• [EXERCISE BRIEF]: Using the data that follows, output only the lines from the line with "Covered patio area" up to and including the line with "Overhead frame from", exactly, leaving pictures aside.

• [DATASET]:
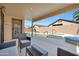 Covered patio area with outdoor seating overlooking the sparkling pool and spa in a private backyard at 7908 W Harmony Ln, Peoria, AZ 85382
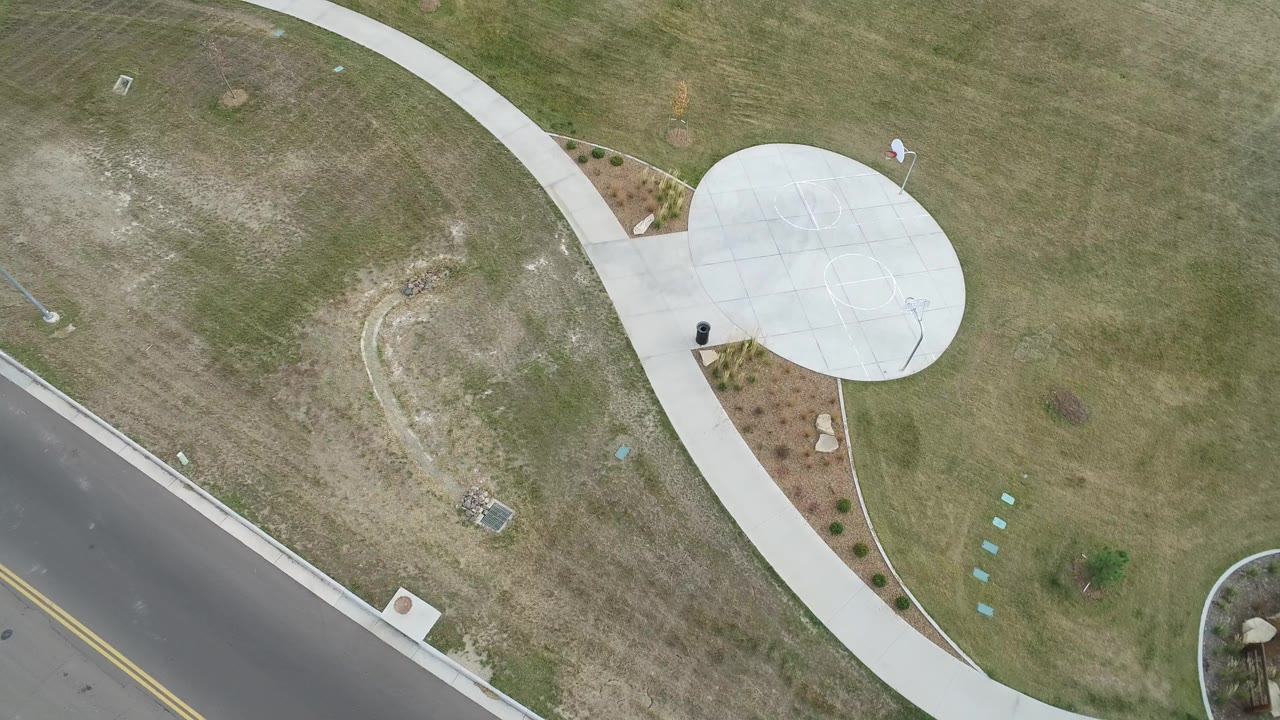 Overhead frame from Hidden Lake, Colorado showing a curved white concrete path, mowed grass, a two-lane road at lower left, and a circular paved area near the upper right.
==
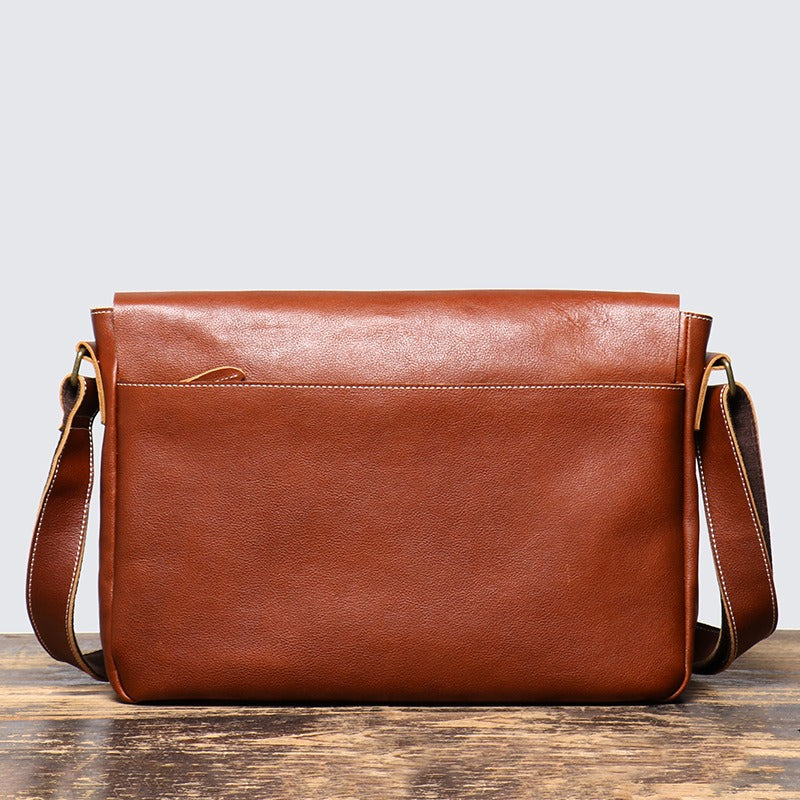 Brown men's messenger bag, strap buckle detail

• [EXERCISE SOLUTION]:
 Covered patio area with outdoor seating overlooking the sparkling pool and spa in a private backyard at 7908 W Harmony Ln, Peoria, AZ 85382
 Overhead frame from Hidden Lake, Colorado showing a curved white concrete path, mowed grass, a two-lane road at lower left, and a circular paved area near the upper right.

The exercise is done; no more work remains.